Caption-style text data
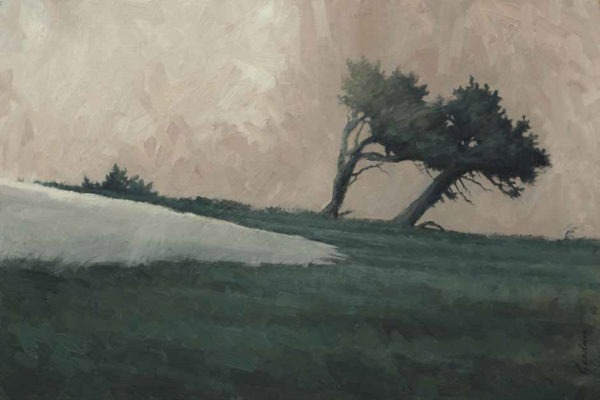 WindyRidgeSeries_Gardner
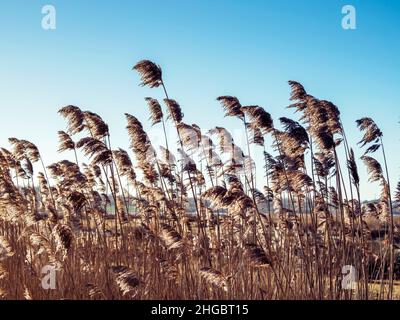 Roseaux dorés soufflant dans une douce brise Banque D'Images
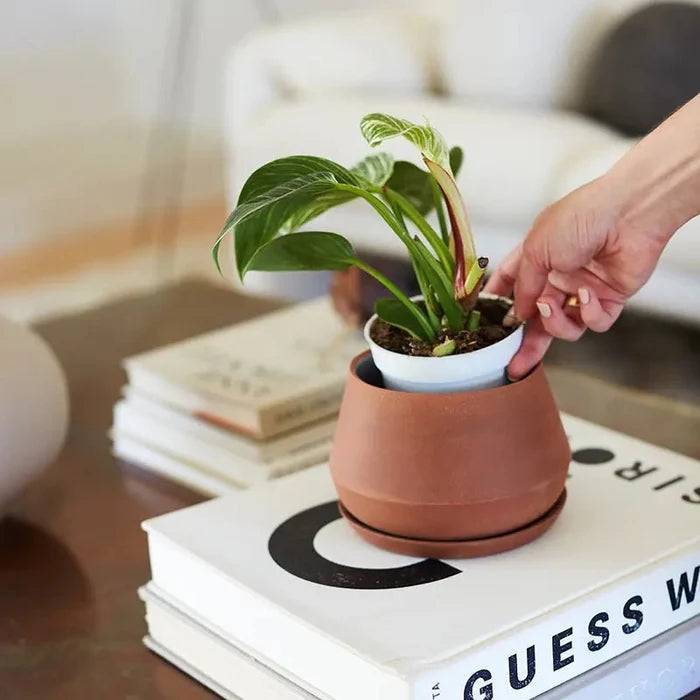 Rancho Planter - Ed's Plant Shop
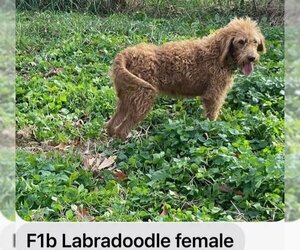 Labradoodle Dogs for adoption in Scottsboro, AL, USA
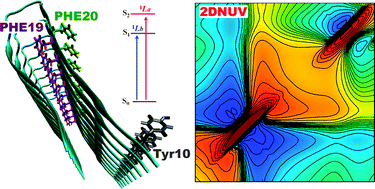 Graphical abstract: Two-dimensional near-ultraviolet spectroscopy of aromatic residues in amyloid fibrils: a first principles study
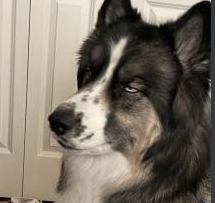 A close-up of a black and white dog with a tired, half-lidded expression, looking off to the side. The dog has fluffy fur…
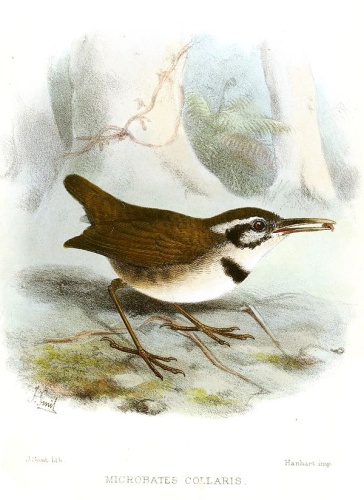 Collared Gnatwren &copy; <bdi><a href="https://en.wikipedia.org/wiki/en:Joseph_Smit" class="extiw" title="w:en:Joseph Smit">Joseph Smit</a>
</bdi>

**TASK TO CARRY OUT**: Set the pictures aside and repeat only the lines from the one containing "A close-up of" through the last line of the entries above, exactly as they stand.

**SOLUTION TO THE PROBLEM**:
 A close-up of a black and white dog with a tired, half-lidded expression, looking off to the side. The dog has fluffy fur…
 Collared Gnatwren &copy; <bdi><a href="https://en.wikipedia.org/wiki/en:Joseph_Smit" class="extiw" title="w:en:Joseph Smit">Joseph Smit</a>
</bdi>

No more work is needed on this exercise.